* Work instruction:
A partial copy is required: transcribe exactly the lines from the one containing "助手席側の配管周りの状態です。(中央)|新明和 TSB220の写真17" through the last line below, without any pictures.

* Supplied information:

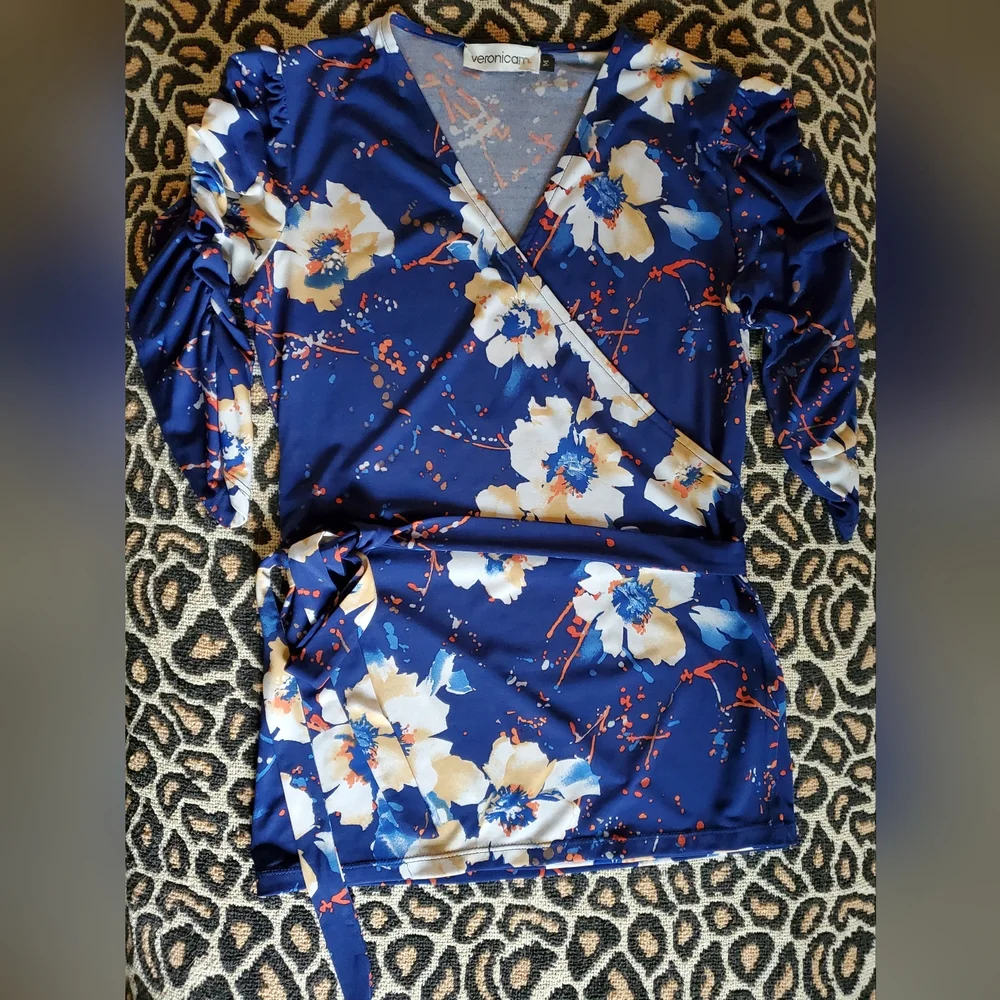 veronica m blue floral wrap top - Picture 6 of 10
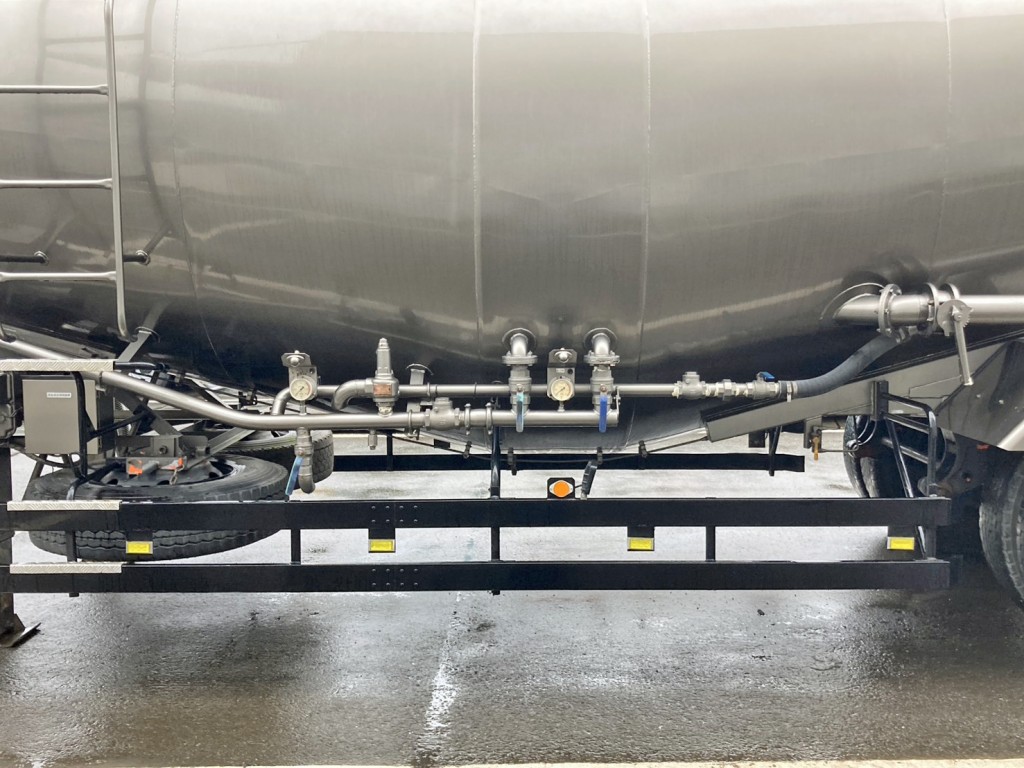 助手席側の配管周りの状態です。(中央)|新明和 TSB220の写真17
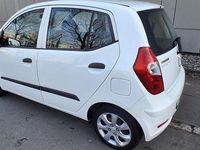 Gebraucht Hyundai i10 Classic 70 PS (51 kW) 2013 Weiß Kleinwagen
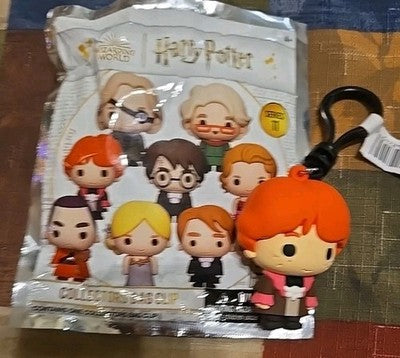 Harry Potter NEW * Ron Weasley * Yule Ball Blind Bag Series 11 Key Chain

* Result below:
 助手席側の配管周りの状態です。(中央)|新明和 TSB220の写真17
 Gebraucht Hyundai i10 Classic 70 PS (51 kW) 2013 Weiß Kleinwagen
 Harry Potter NEW * Ron Weasley * Yule Ball Blind Bag Series 11 Key Chain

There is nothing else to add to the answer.